Leaving out every picture, copy the lines of the material below exactly, from the line containing "Vintage Sunflower Handmade" through the line containing "Amazon отложил возвращение".

## Provided data
+ + + + +
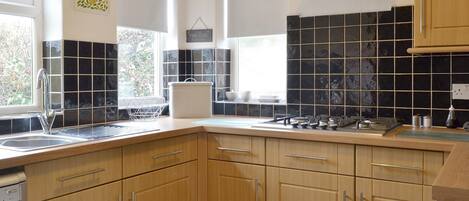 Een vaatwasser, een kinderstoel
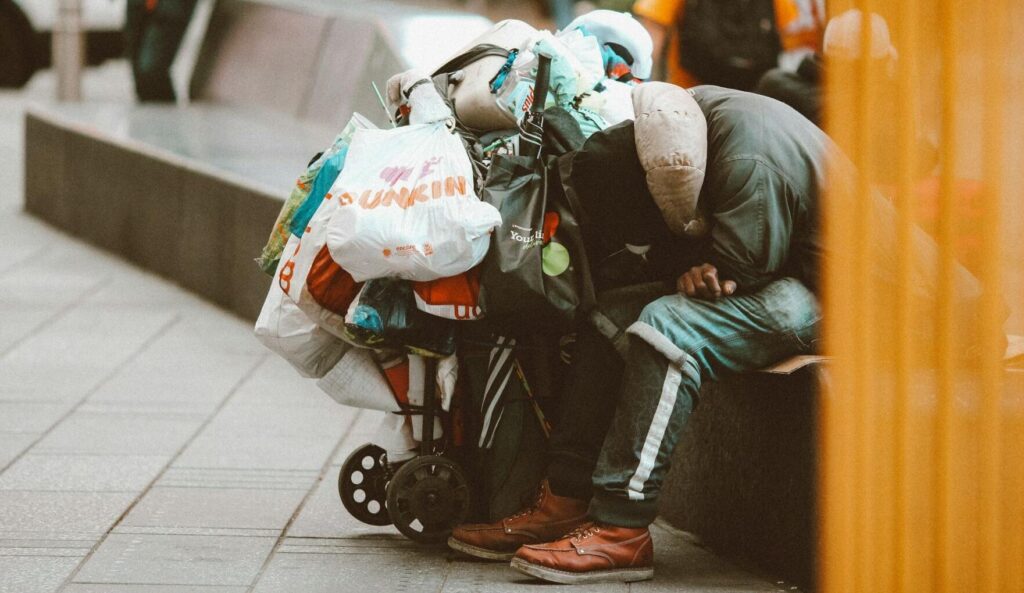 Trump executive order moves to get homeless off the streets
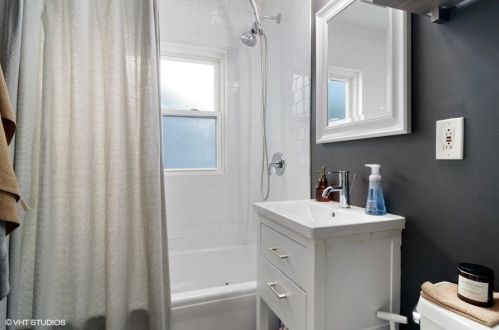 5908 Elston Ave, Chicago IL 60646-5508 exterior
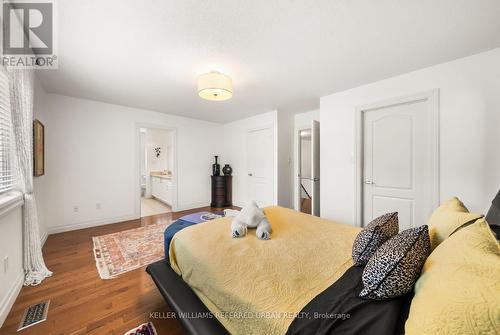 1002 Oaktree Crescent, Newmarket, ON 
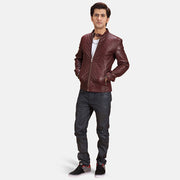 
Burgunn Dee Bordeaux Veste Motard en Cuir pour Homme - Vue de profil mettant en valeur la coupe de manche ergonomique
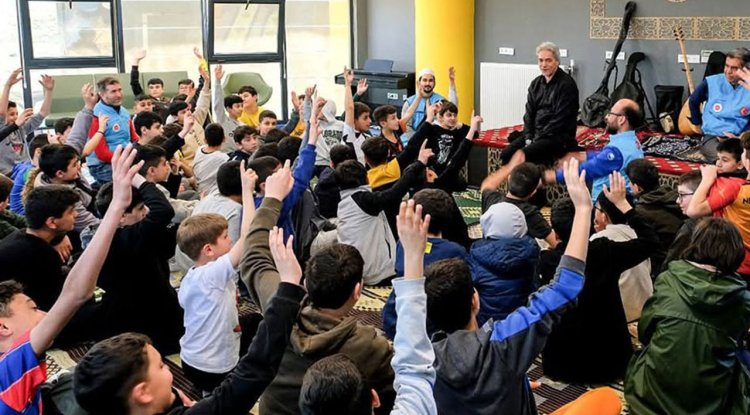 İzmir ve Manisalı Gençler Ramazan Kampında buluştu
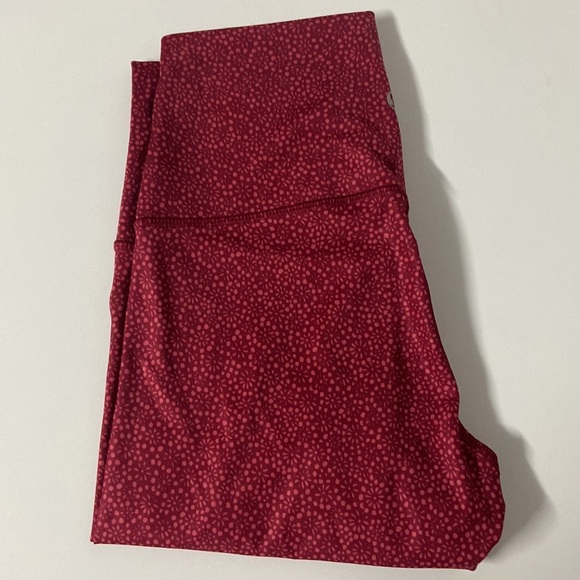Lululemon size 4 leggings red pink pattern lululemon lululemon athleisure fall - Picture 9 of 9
+ + + + +
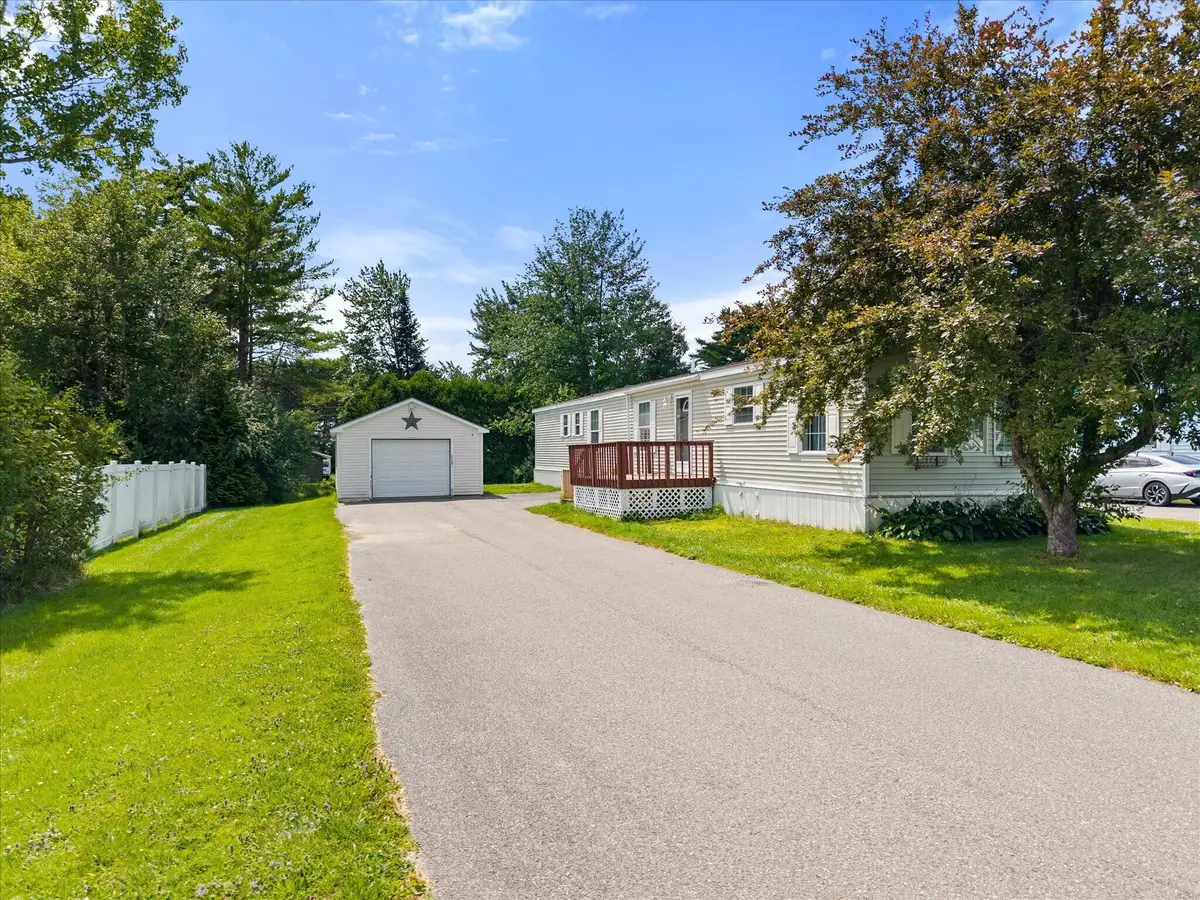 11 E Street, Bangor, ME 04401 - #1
+ + + + +
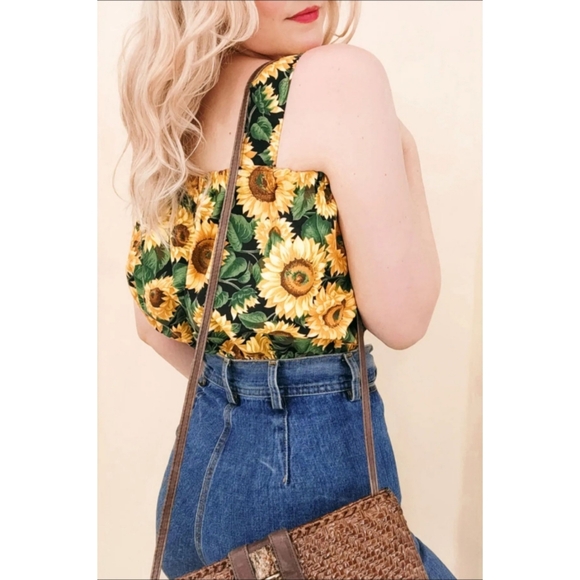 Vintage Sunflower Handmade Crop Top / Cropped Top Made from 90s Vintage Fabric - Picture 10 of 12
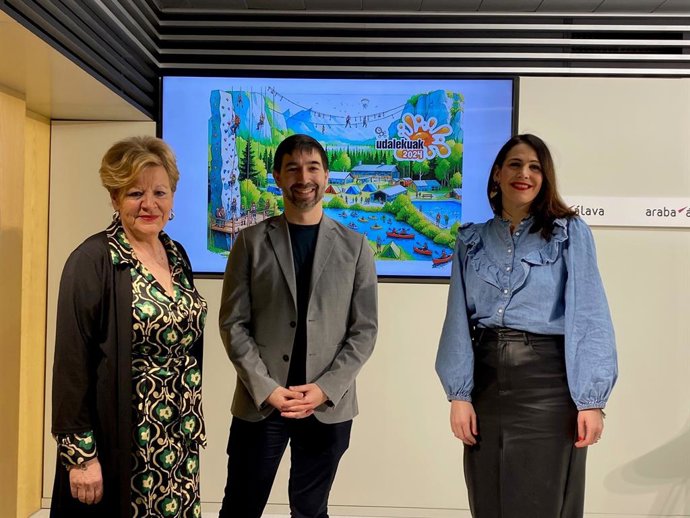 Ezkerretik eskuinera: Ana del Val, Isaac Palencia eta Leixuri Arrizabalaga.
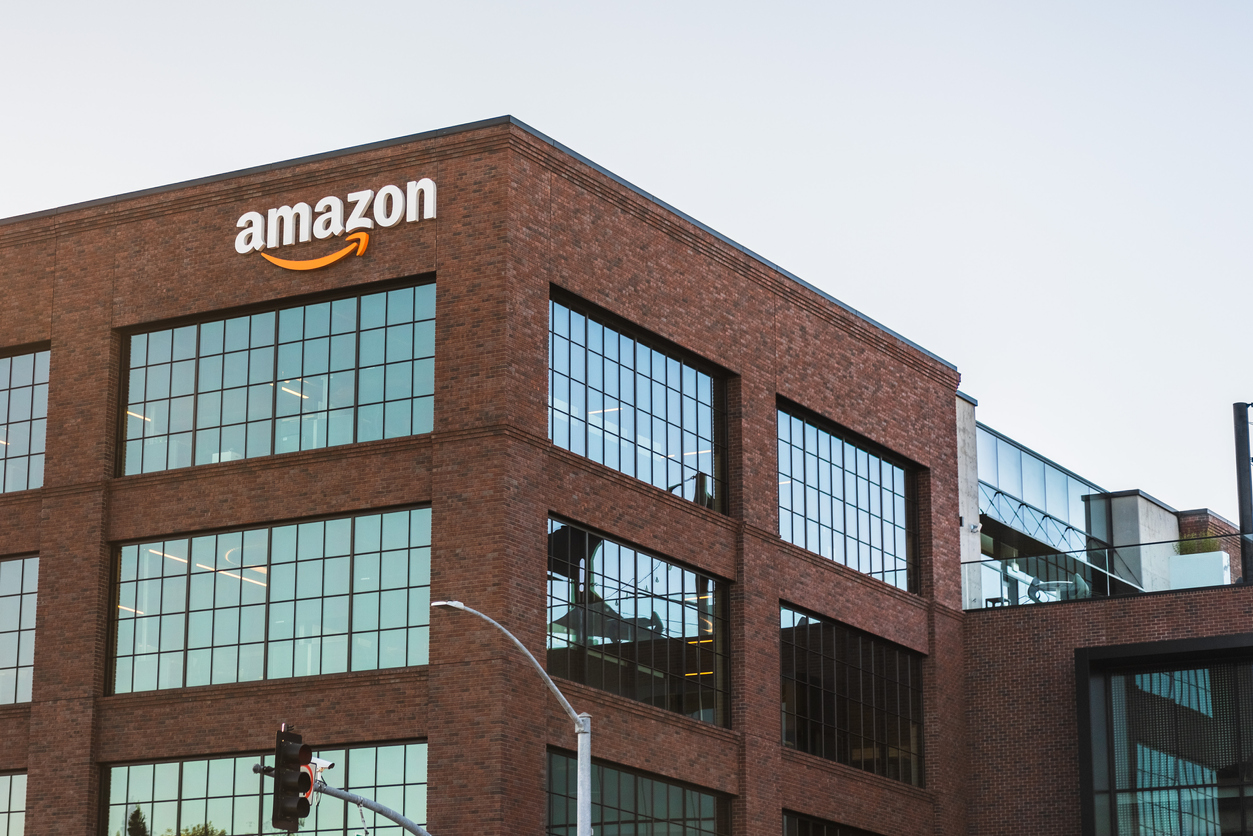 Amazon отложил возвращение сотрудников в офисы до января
+ + + + +
## Written answer
 Vintage Sunflower Handmade Crop Top / Cropped Top Made from 90s Vintage Fabric - Picture 10 of 12
 Ezkerretik eskuinera: Ana del Val, Isaac Palencia eta Leixuri Arrizabalaga.
 Amazon отложил возвращение сотрудников в офисы до января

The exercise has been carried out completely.